コリンたちの選抜試験6
試験もいよいよ残りわずか。
ミラがリタイアとなってしまったコリンたちであったが、『もう仲間を失わせない』という決意により、そのお陰か一段と逞しい顔つきとなっていた。
あれからもブラックグリズリーらを罠に掛け、何頭も仕留める事に成功していた。
と言うよりも、何頭ものブラックグリズリーを仕留めたことにより、コリンらのレベルが急上昇し、すでに3人とも100を超えるレベルまで成長していた。
おかげで3対1という状況なら罠を使用せずとも自分たちの武器でブラックグリズリーを倒すことすらできるようにまでなっていたのだ。
積極的にブラックグリズリーを倒していたおかげでコリンたちの食料は潤沢に存在しており、むしろ多すぎて困る程にまでなっていた。
逆に、コリンらとは違って出入口付近で屯していた参加者らは、当然食料問題に直面し、参加者同士で食料を奪い合うという惨憺たる状況と化していた。
それで一時的に空腹を凌いだ参加者はいたが、結果として出入口付近で陣を張っていた参加者は全員脱落となった。
理由は、『タダでメシが食える』と味をしめたブラックグリズリーに再度襲撃に遭ったのだ。
奪い合った食料のせいでブラックグリズリーに与える食料は満足のいく量では無く、モンスターに立ち向かう術を放棄した参加者らは、ただブラックグリズリーらのエサになるしか無かったのだ。
早々にリタイアの救援信号を発信し、近くにいたスケルトンらによって救難され、死者こそ出なかったが全員脱落となってしまった。
現在残っている参加者は皆出入口付近から離れ、積極的に狩りを行っている参加者だけとなっている。
終了まであと数分となり、1週間とは言え長かったサバイバルが終わりを迎えようとしており、コリンらはこの第2試験について振り返りを行っていた。
「……ようやっとこの試験も終わり、か。
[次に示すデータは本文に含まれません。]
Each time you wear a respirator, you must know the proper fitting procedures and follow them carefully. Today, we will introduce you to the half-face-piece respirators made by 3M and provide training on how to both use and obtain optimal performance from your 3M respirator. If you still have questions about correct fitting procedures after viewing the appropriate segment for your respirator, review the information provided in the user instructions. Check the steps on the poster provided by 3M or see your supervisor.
」
「まだ完全に終わったわけじゃないわよコリン。気を抜くのは早いわ。」
「…そうだね。」
「なんにしてもまあ、振り返ればあっという間の1週間だったねえ。このサバイバルのおかげで、レベルが一気に100以上も上がったし。」
「アイザックはまだモテるために王国兵を目指すのか?」
「トーゼンだろ?………っと言いたいとこだけど、色々と気付かされちゃったからね。」
「……うん。僕らは王国兵になる以上、楽な道を選んでいちゃいけないんだってね。」
「………それもだけどさ……」
「ん?何だよアイザック?」
「俺はカッコイイ男になるって決めたのさ。」
「……なんだよそれ?」
「ほっとけ。」
「2人とも、お喋りはその辺にして、終了までもうすぐよ。最後まで気を抜かないで。」
「へいへい。」
やがて、終了を知らせる合図が鳴り響き、厳しくも辛い第2試験が終わりを告げた。
◇◇◇◇◇◇◇◇◇◇
生き残った参加者らは一度その足で王城へと向かい、大広間に集められた。
当初第1試験を受ける前にはここには300人以上もの参加者で溢れていたにも関わらず、今となっては30人しか残っていなかった。
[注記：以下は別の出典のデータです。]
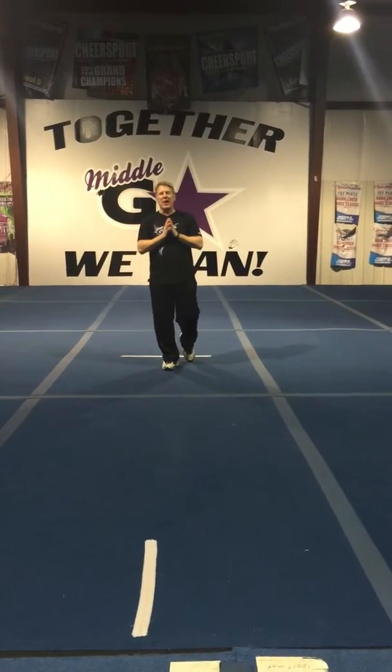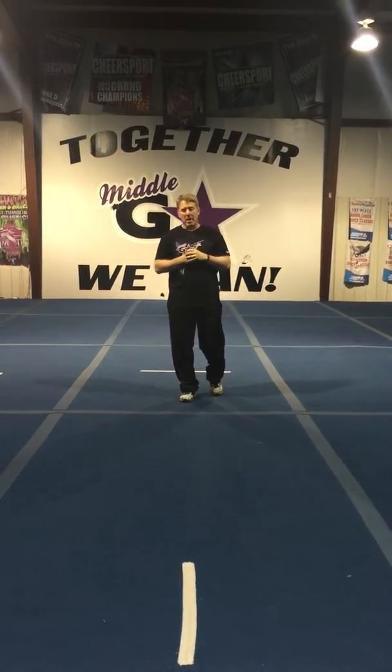Hi, my name is Jimmy Reedus and this is another at-home trainer no-brainer. Today we're talking about one of the most important things that you can learn in order to become a powerful tumbler, and that's the hurdle step into your round off.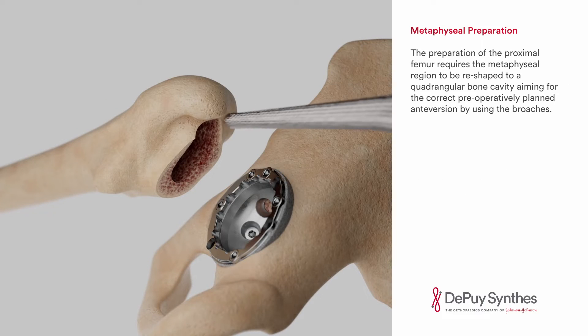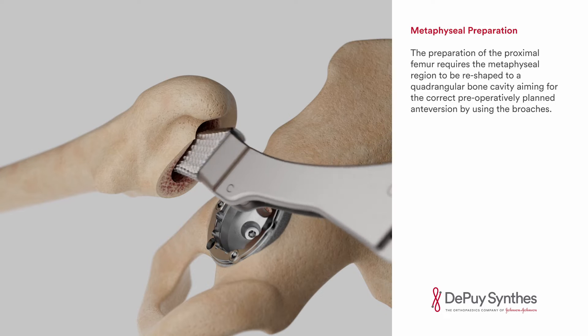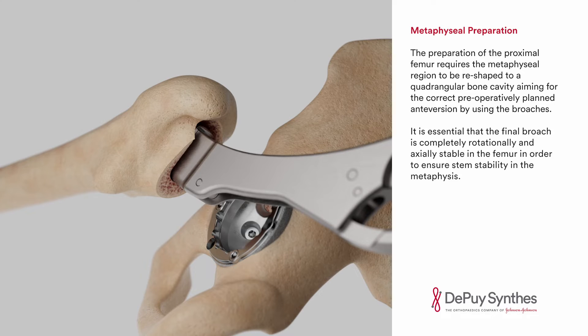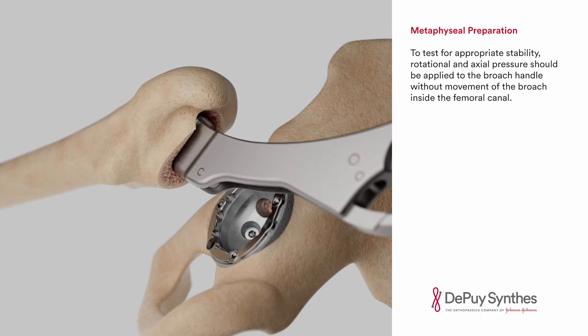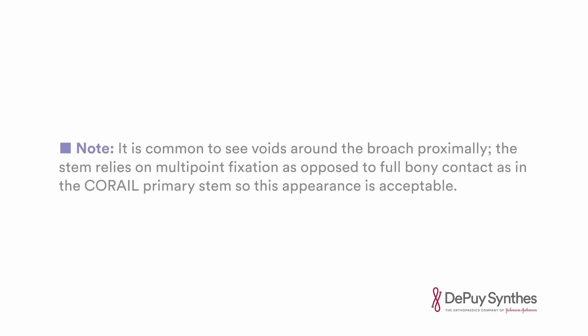The preparation of the proximal femur requires the metaphyseal region to be reshaped to a quadrangular bone cavity, aiming for the correct preoperatively planned anteversion by using the broaches. It is essential that the final broach is completely rotationally and axially stable in the femur in order to ensure stem stability in the metaphysis. To test for appropriate stability, rotational and axial pressure should be applied to the broach handle without movement of the broach inside the femoral canal. Distal stem stability alone is not sufficient. Note that it is common to see voids around the broach proximally; the stem relies on multipoint fixation as opposed to full bony contact, as in the Karai Primus stem, so this appearance is acceptable.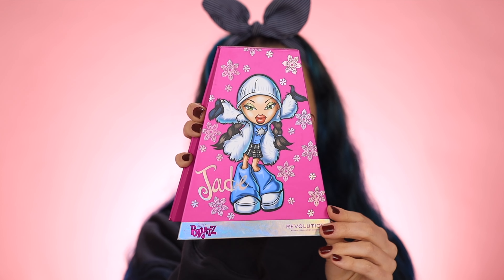Moving on to the eyes — I've been dying to use this palette. This is the Bratz Collection by Makeup Revolution and this is the Jade palette. Oh, look at those tones! I want to do a really warm, golden, bronzy eye. I'm going in with Fringe, which is that terracotta shade — this is really pigmented. Then going in with the shade Hot Stuff — this is way more of a red than I thought. I thought it was more of a red-base brown, but this is like straight burgundy. I don't hate it though. I'm going to go in with Fabric and Scissors, which is like a true brown, just to tone this down a little bit.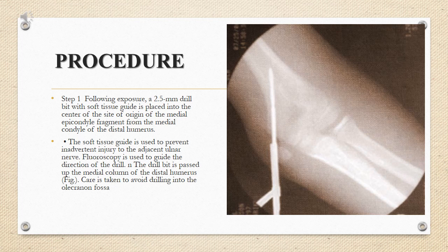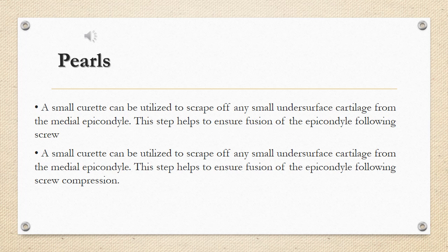Step 1: following exposure, a 2.5 mm drill bit with soft tissue guide is placed into the center of the site of origin of the medial epicondyle fragment from the medial condyle of the distal humerus. The soft tissue guide is used to prevent inadvertent injury to the adjacent ulnar nerve. Fluoroscopy is used to guide the direction of the drill. The drill bit is passed up the medial column of the distal humerus. Care is taken to avoid drilling into the olecranon fossa. A small curette can be utilized to scrape off any small undersurface cartilage from the medial epicondyle to help ensure fusion of the epicondyle following screw compression.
誰も彼も感覚が研ぎ澄まされ、目付きが戦士そのものと化している。
その中に見知った顔の者がおり、コリンたちを見つけるや否や早速話しかけてきた。
「ほほう…?テメェらみてぇなガキが第2試験を突破するたぁなあ。」
それは何かにつけて絡んできた荒くれ冒険者のコンラッドであった。
前に会った時と同じく、お供に2人の男女もいたが、前とは違って顔つきが険しく歴戦を耐え抜いた戦士のそれであった。
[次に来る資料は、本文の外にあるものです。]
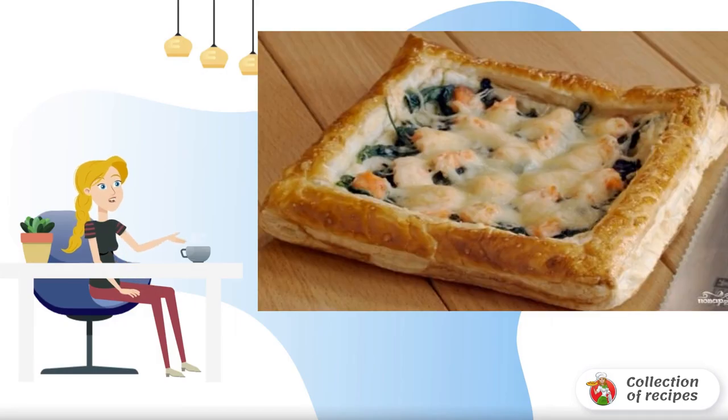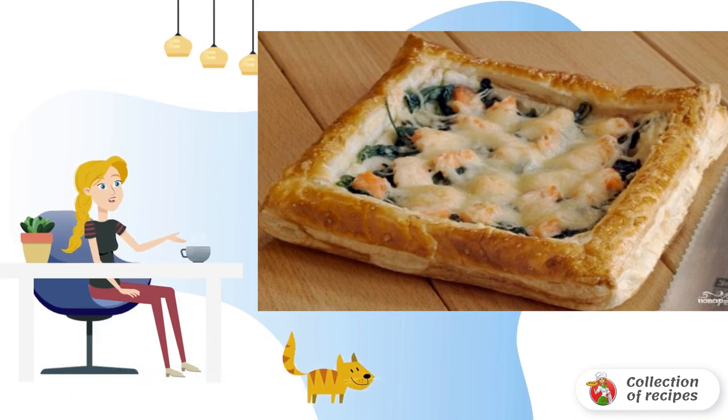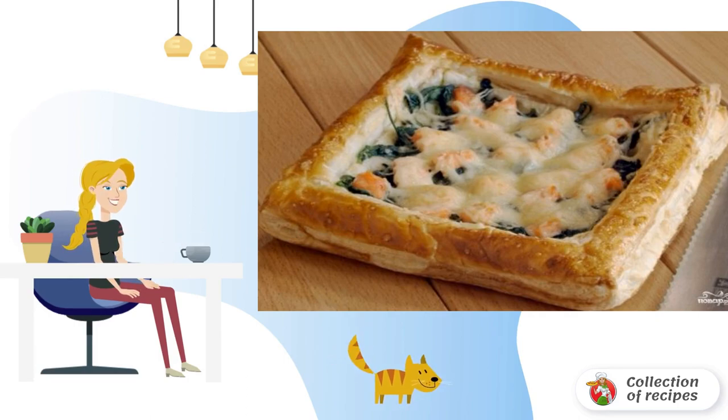Puff pastry with fish is made from purchased puff pastry stuffed with trout, spinach and hard cheese. It turns out very tasty and appetizing. The pie can be prepared for lunch, dinner or afternoon tea.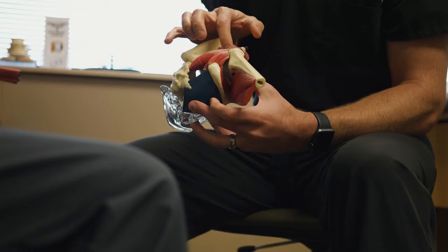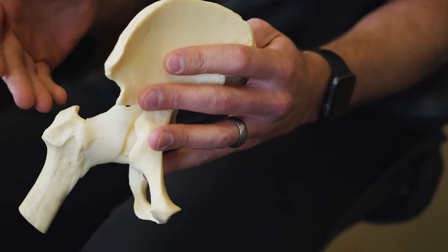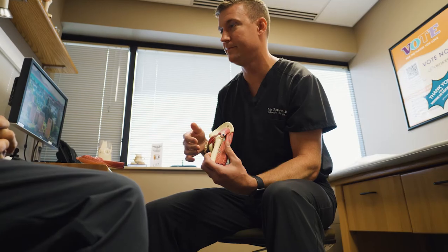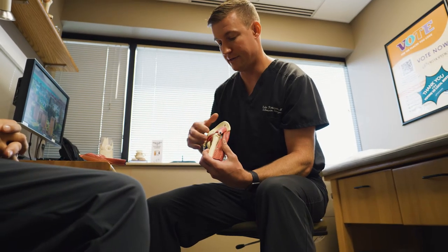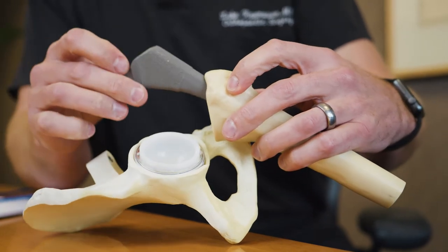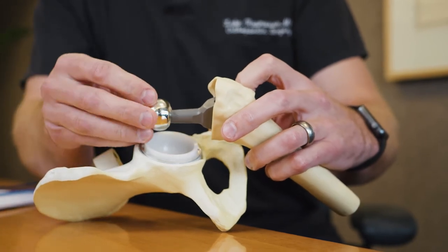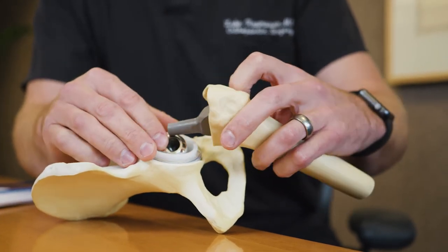One of the things that makes SuperPath very interesting is it marries the traditional open approaches to the hip and the arthroscopic methods that we developed. So instead of making a very large incision and opening up to be able to expose the acetabulum and to place the cup, I actually use a portal that goes lower on the leg, and through that arthroscopic portal that's where I prepare the cup to be placed.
「……それにしても1人足りねえなぁ。もしかしてモンスターにでも食われちまったか?」
「……黙れ…!ミラは生きている!!」
「てこたぁリタイアしちまった訳か……テメェらの事だから、てっきり出入口付近で屯していた連中同様、全員リタイアしたと思ったんだがなぁ。」
「……………」
「……フンッ!まあいい。じゃあな。」
コンラッドはもっと嫌味でも並べるかと思いきや、意外にもあっさりとコリンらから離れていった。
肩透かしを食らっていたコリンらであったが、コンラッドが去った後にお供の2人がコリンたちに会釈をし、くるりと振り返った時に違和感を感じる。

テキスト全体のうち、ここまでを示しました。